● Problem
Go line by line through the entries and show those that hold the string "Building".

Records from a collection:
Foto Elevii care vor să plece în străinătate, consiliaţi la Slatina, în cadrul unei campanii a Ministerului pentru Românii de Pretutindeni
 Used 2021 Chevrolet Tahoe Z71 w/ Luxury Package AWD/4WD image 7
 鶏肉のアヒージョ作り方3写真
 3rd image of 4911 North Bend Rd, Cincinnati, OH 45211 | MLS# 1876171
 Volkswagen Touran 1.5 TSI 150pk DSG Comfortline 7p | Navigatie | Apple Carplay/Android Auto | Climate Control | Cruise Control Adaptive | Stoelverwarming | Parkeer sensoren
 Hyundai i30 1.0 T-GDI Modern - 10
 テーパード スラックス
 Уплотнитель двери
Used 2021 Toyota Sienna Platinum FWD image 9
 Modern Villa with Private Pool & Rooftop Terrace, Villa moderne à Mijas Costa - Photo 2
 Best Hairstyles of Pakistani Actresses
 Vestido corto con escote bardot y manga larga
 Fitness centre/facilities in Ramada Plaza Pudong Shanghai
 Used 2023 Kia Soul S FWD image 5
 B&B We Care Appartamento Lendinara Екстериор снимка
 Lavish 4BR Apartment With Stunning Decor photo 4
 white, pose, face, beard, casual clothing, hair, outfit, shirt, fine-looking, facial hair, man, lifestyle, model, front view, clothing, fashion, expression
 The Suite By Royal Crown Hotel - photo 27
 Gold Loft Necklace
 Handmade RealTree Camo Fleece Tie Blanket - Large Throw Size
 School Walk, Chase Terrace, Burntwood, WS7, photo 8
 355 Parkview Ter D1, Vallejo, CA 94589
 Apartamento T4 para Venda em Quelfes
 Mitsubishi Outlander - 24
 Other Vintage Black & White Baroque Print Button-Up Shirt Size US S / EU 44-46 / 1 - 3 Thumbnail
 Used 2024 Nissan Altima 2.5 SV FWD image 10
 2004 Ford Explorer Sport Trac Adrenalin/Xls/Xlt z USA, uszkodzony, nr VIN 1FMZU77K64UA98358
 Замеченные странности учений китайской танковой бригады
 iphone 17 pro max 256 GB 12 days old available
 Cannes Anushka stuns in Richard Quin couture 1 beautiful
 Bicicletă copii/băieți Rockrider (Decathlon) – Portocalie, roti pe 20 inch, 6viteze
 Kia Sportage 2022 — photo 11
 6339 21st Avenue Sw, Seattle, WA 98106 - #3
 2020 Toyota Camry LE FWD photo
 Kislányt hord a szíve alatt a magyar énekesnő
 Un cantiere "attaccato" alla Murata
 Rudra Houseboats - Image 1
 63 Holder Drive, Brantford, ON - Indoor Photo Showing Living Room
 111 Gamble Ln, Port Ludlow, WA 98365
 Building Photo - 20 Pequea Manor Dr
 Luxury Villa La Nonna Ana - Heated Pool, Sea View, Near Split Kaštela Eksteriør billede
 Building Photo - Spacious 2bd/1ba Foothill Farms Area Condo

● Result of the task
 Building Photo - 20 Pequea Manor Dr
 Building Photo - Spacious 2bd/1ba Foothill Farms Area Condo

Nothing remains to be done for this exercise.